▶ Exercise materials:
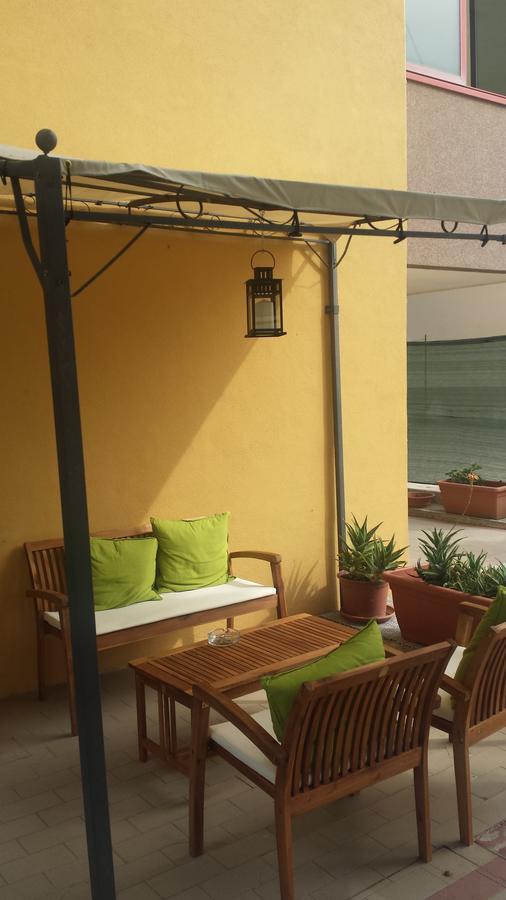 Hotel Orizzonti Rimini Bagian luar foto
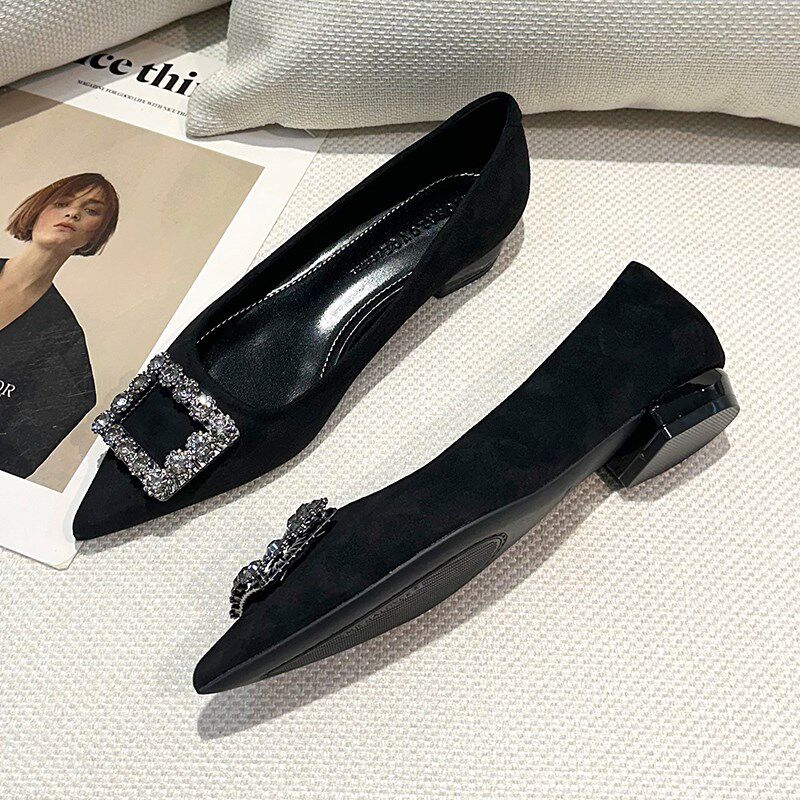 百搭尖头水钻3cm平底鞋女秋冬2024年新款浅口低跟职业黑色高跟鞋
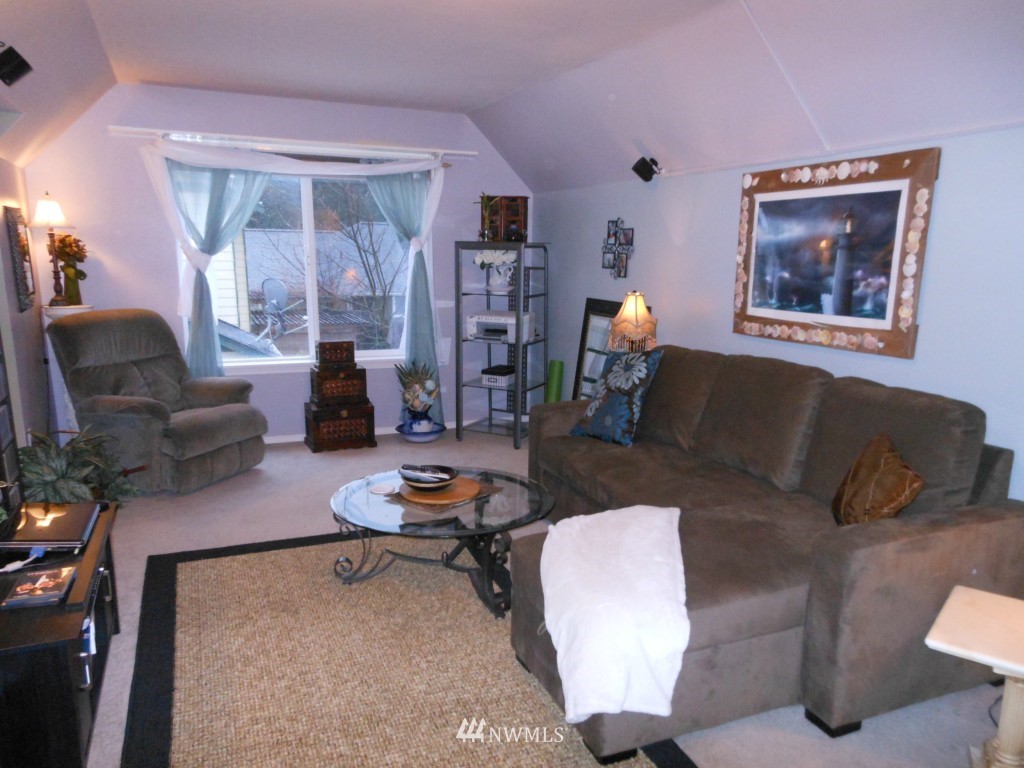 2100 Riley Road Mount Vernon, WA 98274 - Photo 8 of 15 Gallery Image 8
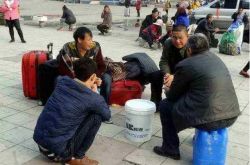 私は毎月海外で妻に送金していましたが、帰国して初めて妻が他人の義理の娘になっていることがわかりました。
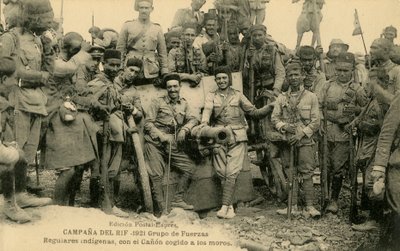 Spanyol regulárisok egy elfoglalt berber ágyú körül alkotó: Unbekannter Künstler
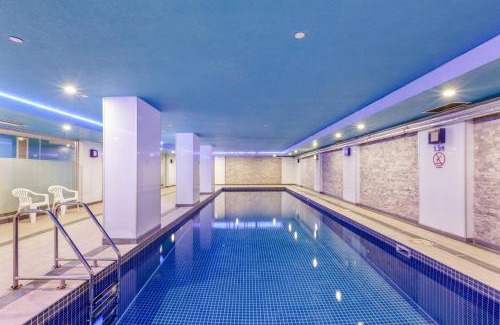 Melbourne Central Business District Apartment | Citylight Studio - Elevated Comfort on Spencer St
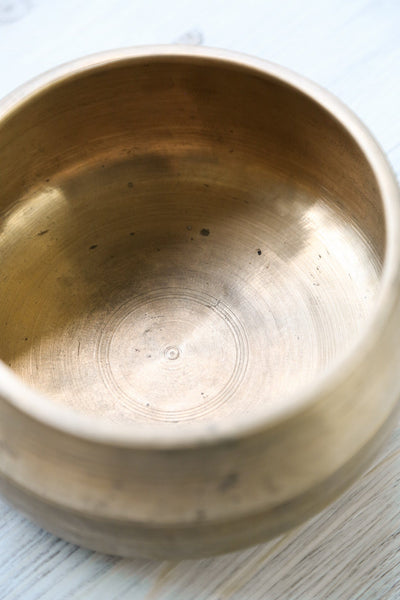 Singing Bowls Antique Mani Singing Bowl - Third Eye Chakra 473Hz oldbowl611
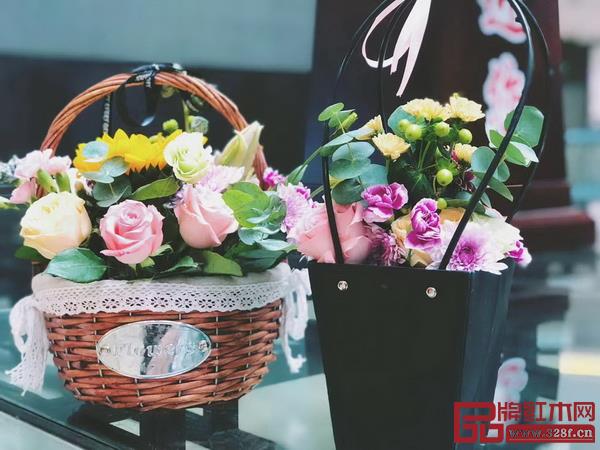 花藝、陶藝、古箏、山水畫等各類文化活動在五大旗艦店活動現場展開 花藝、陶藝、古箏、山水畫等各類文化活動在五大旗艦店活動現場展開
---
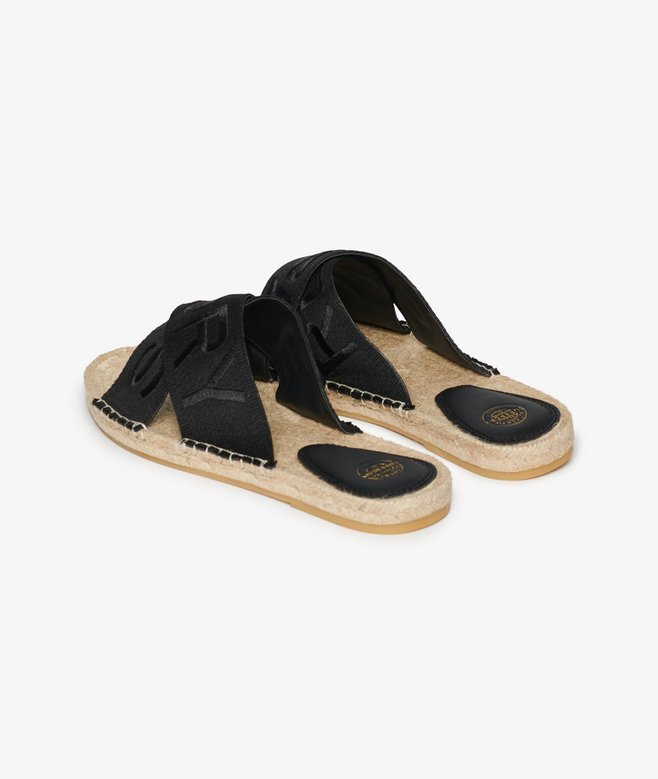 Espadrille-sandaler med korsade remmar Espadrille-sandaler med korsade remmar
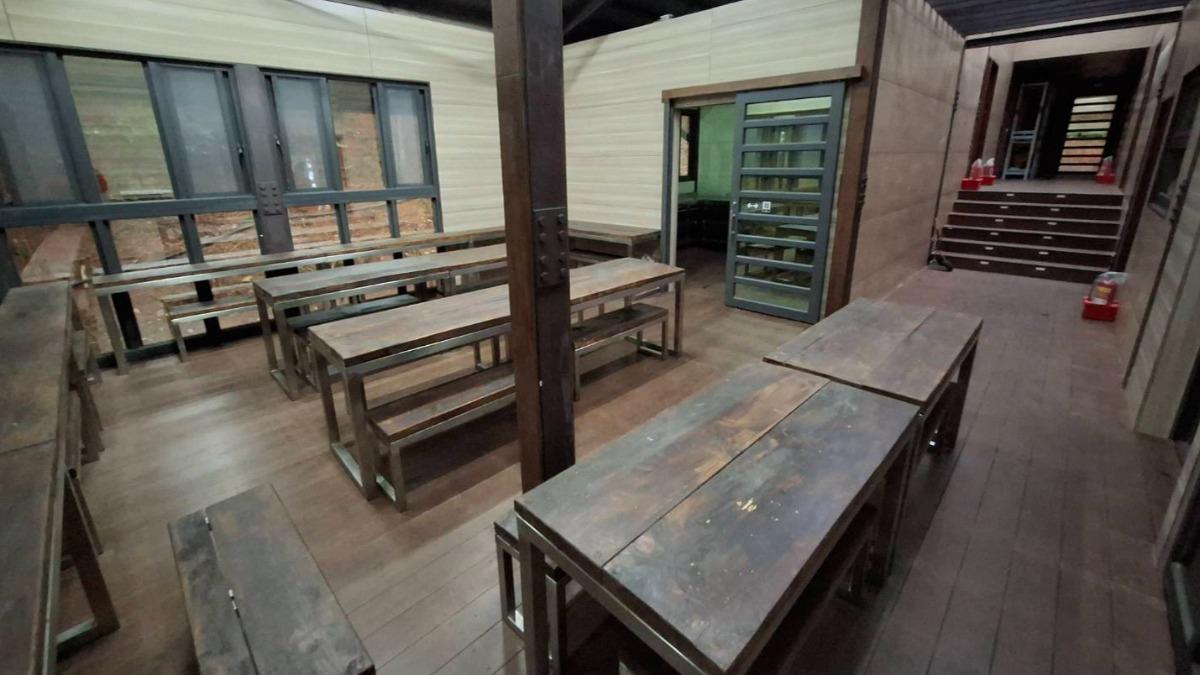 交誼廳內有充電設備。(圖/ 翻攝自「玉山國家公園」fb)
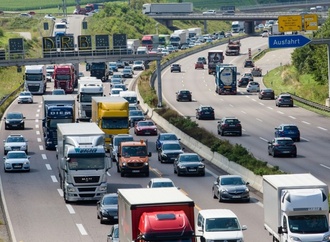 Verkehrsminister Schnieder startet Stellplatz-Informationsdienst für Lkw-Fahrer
---
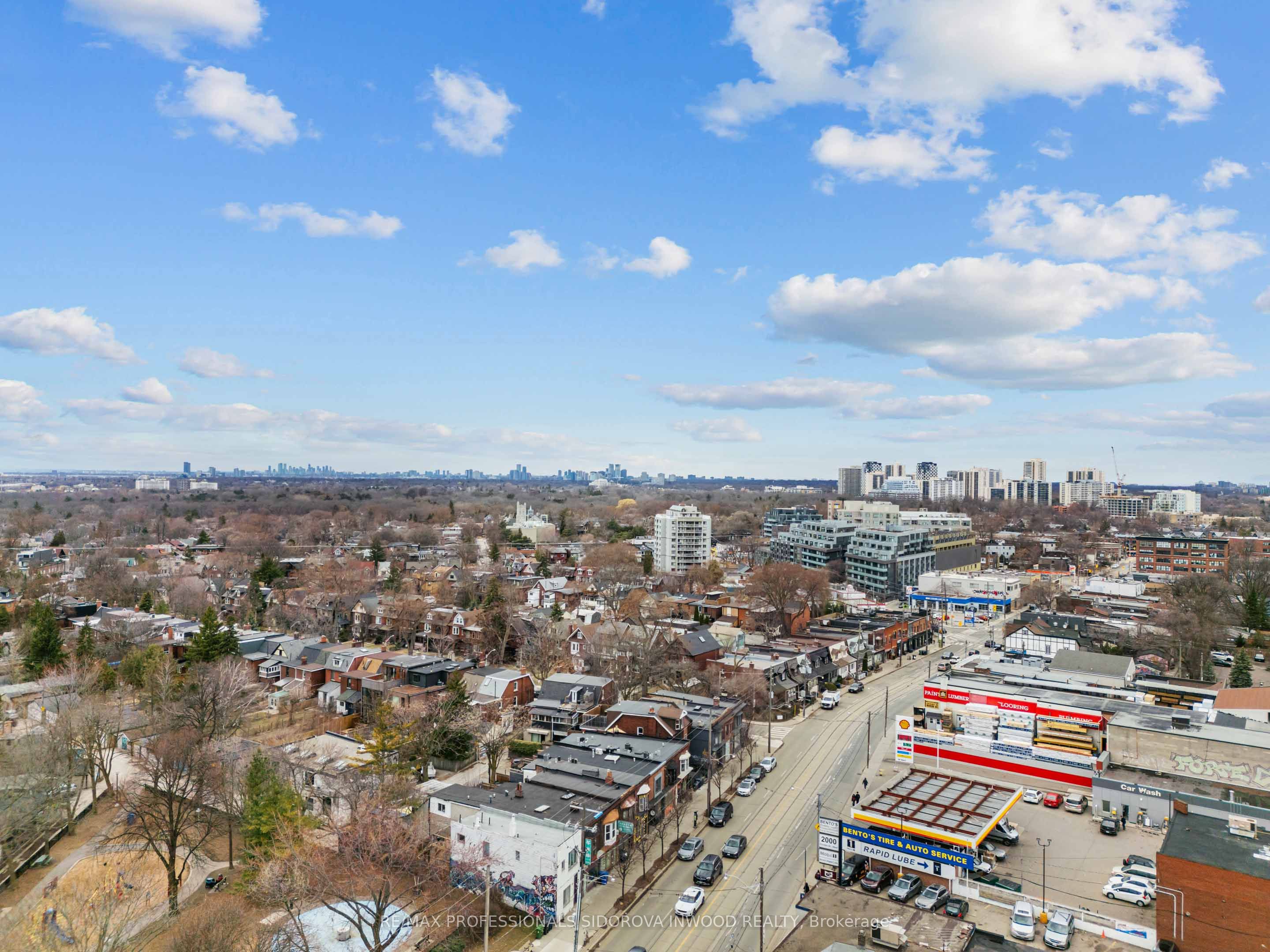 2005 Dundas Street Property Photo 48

▶ Your instructions: Print, exactly and with no pictures, the lines of the listing above starting at the one that has "Hotel Orizzonti Rimini Bagian luar foto" and ending at the one that has "Spanyol regulárisok egy", both included.

▶ Expected output:
 Hotel Orizzonti Rimini Bagian luar foto
 百搭尖头水钻3cm平底鞋女秋冬2024年新款浅口低跟职业黑色高跟鞋
 2100 Riley Road Mount Vernon, WA 98274 - Photo 8 of 15 Gallery Image 8
 私は毎月海外で妻に送金していましたが、帰国して初めて妻が他人の義理の娘になっていることがわかりました。
 Spanyol regulárisok egy elfoglalt berber ágyú körül alkotó: Unbekannter Künstler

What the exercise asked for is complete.